AIM OF THE EXERCISE: Could you give back exactly the lines below from the one with "Black Diamond Gold" through the one with "The Walking Dead: Norman", without a single picture?

MATERIAL FOR THIS TASK:
((

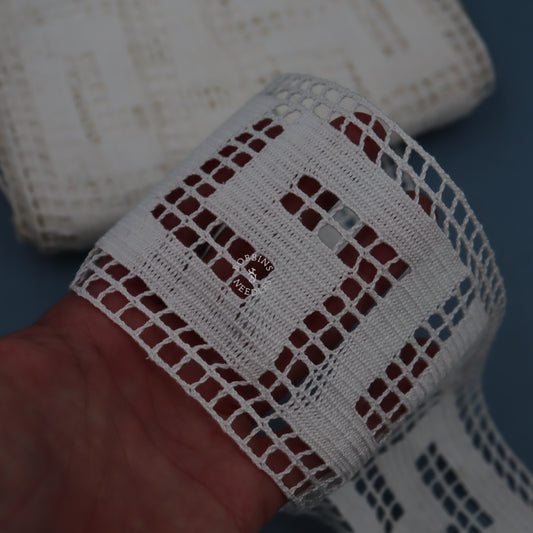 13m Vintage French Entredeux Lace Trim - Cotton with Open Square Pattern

))
((

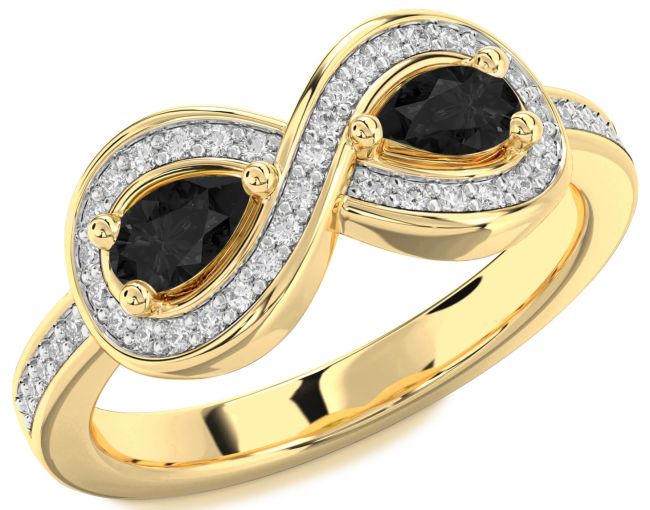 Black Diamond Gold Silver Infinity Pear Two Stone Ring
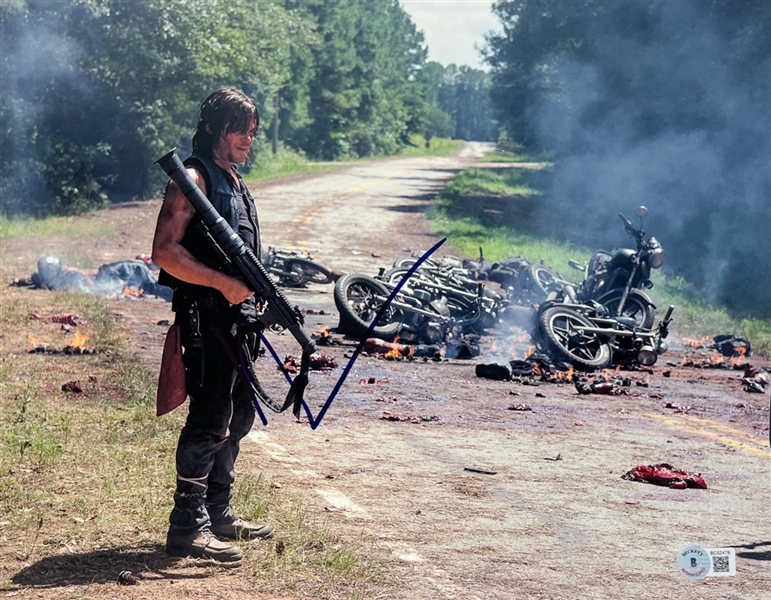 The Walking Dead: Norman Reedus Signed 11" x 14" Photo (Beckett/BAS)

))

RESULT FOR THIS EXERCISE:
 Black Diamond Gold Silver Infinity Pear Two Stone Ring
 The Walking Dead: Norman Reedus Signed 11" x 14" Photo (Beckett/BAS)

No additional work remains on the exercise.